Speaking to the Senate hearing on intersex sterilisation in March 2013, Briffa said:

My birth certificate, from the state of Victoria, does not classify me as male or female. I have certainly had a female birth certificate, I had a male birth certificate at one stage and I have a blank birth certificate now. But we are hoping that one day in the future our birth certificates will actually be able to reflect, for those who want it, the way nature made us. If people feel female that is great, and if they feel male that is great, but there are also people like me: I just accept the way nature made me. I am happy for my birth certificate to say that I am both male and female. One day, hopefully, we will have that as well.

=== Identity ===
Briffa made the following statement: "I am very public about being born biologically partially female and partially male and that I was raised as a girl and lived as a woman until I was 30. I ask all my friends and colleagues to respect my sex as what nature made me; both female and male". On her website, Briffa posted: “I feel very comfortable having accepted my true nature. I am not male or female, but both. I am grateful for the years I lived as a woman and the insight and experiences it gave me. I am still ‘Antoinette’ and have now also incorporated and accepted my male (‘Anthony’ or ‘Tony’) side. I feel whole. I’ll continue to live as Tony but I feel I am now at a point in my life where I can celebrate being different.”

=== Marriage ===
Legal issues presented by Briffa's non-specific birth certificate meant that she could not lawfully marry in Australia until late 2017. On 27 September 2013, Tony Briffa married Manja Sommeling in Dunedin, New Zealand. Intersex Human Rights Australia notes:

Tony was born in Victoria with Partial Androgen Insensitivity Syndrome (PAIS), one of many intersex variations, and Tony's birth certificate does not state a sex. Marriage in Australia is currently only permissible between a man and a woman, and Tony is not eligible.

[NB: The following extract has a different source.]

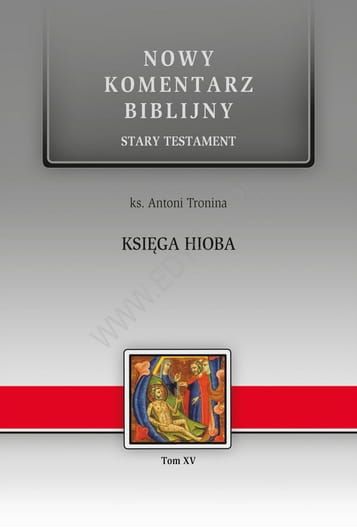 Księga Hioba. ST XV - ks. Antoni Tronina - komentarz biblijny e-religijne.pl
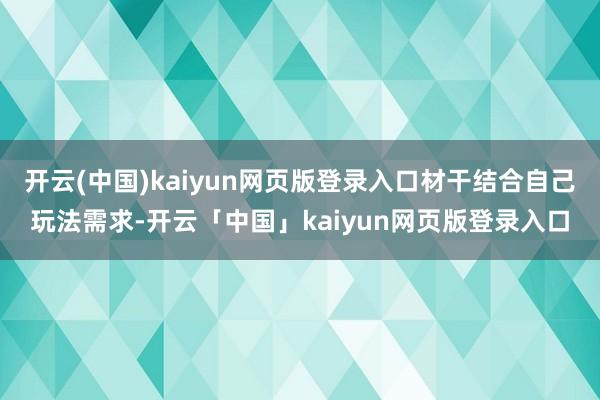 开云(中国)kaiyun网页版登录入口材干结合自己玩法需求-开云「中国」kaiyun网页版登录入口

Tony is able to marry in New Zealand because legislation providing marriage equality was passed earlier this year. Tony has had to declare an "indeterminate" gender for the purposes of today's marriage.

== Recognition ==

Tony Briffa was recognized for her instrumental role in the passing of legislative protections for intersex people in medical settings in debates in the State of Victoria in February 2026.